Backgammon Position #10

In this article we shall continue to look at the complexities of doubling by studying the position illustrated above. But before we do that we should take another look at the basic skills that you need to play backgammon well.

These are ;

Pattern Recognition – backgammon is to complex to analyse every position anew. You have to rely on your knowledge of the game that you have built up over time. When you are faced with a problem you call upon your experience and your mental model of the game. You make use of your store of reference positions so you can make a reasonable assessment of any new problem that you face. Without that storel of previous positions the game would be impossible and this explains why it will take a number of years to become a good player – you need to invest time building your reference library.

Arithmetic – it is impossible to become a good player without being able to do the basic arithmetic involved when calculating pip counts (although when playing backgammon online this is done for you) and counting shots. Good match players have to be able to make the match equity calculations.

Psychology – it is important to always remember that you are playing another human being. He/she will make errors of judgement and can be subject to psychological pressure particularly in situations where there is a threat of a gammon.

Of these factors the most important one is pattern recognition, making it critical to build your library of reference positions as quickly as you can . One way to do that is by studying and reading and that is why articles like this one can accelerate your learning. So what about this position? Should black double? Should white take?

backgammon-position-10

Let us use our key criteria to examine the position:

The Race.

Black is 7 pips ahead before the roll of the dice. A small advantage to black but there is a long way to go yet.

The Position.

Both sides have two point home boards. Black’s is better because he has the 4-pt rather than the 2-pt. He also has his 8-pt and his bar-point and is only one point away from having a five point prime. White has lost his 8-pt but has his mid-point. Black has slotted his opponent’s 5-pt whilst white’s three checkers are in danger of being hemmed in. Whilst white’s structure is weak all his checkers are still in play so he should be able to improve his position. Overall – a fairly large advantage to black.

The Threat.

Black is threatening to immediately make both 5 points. If he can make his own 5-pt he will have be in a very powerful position – having virtually won the game. White has no immediate threats but one good roll, for example a small double, could improve his position. Overall the advantage lies with black.

The Opponent. This is a unknown in this particular position so we will assume both players will make ‘normal’ cube decisions.

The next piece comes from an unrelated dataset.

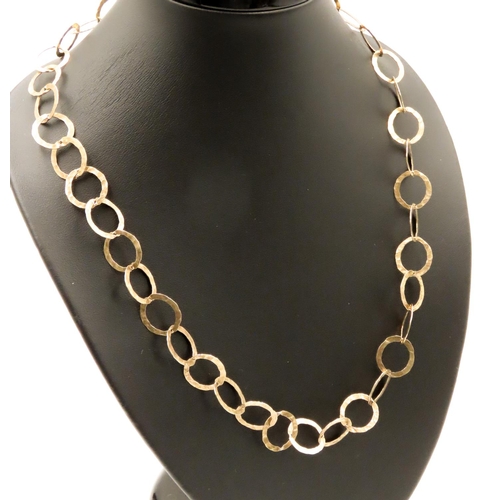 110 - Finely Detailed Gilded Silver Circular Form Link Necklace 74cm Long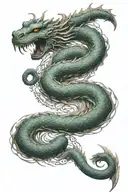 Jörmungandr wrapping around the world map tattoo design idea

Black is ahead in all three of the key elements so he should double. Does white have enough chances so that he can venture a take?

This is where the reference library and experience come in. Many players would give this up as white but in fact he has just enough structure to make this a take. A big point is that he holds an anchor in his opponent’s home board. This will give him chances throughout the game and save him from being gammoned (at least for a lot of the time). Those who have seen this type of position before will know it is a take. Those trying to work it out from first principles may well pass. Thus here we see the advantage of experience.

The Snowie rollouts confirm that black must double and that white has a close but correct take.